Task objective — Return the following entries exactly, word for word.

Supplied information —
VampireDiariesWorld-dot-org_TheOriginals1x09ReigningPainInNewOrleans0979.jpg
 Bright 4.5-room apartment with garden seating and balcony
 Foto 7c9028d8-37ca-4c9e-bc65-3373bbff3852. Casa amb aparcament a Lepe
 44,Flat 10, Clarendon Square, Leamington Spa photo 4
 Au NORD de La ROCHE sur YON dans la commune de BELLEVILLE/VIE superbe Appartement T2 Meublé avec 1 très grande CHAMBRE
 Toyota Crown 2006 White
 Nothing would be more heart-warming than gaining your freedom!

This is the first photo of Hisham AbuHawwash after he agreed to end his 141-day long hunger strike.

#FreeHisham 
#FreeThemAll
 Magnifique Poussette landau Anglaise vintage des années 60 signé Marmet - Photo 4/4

Result of the task —
VampireDiariesWorld-dot-org_TheOriginals1x09ReigningPainInNewOrleans0979.jpg
 Bright 4.5-room apartment with garden seating and balcony
 Foto 7c9028d8-37ca-4c9e-bc65-3373bbff3852. Casa amb aparcament a Lepe
 44,Flat 10, Clarendon Square, Leamington Spa photo 4
 Au NORD de La ROCHE sur YON dans la commune de BELLEVILLE/VIE superbe Appartement T2 Meublé avec 1 très grande CHAMBRE
 Toyota Crown 2006 White
 Nothing would be more heart-warming than gaining your freedom!

This is the first photo of Hisham AbuHawwash after he agreed to end his 141-day long hunger strike.

#FreeHisham 
#FreeThemAll
 Magnifique Poussette landau Anglaise vintage des années 60 signé Marmet - Photo 4/4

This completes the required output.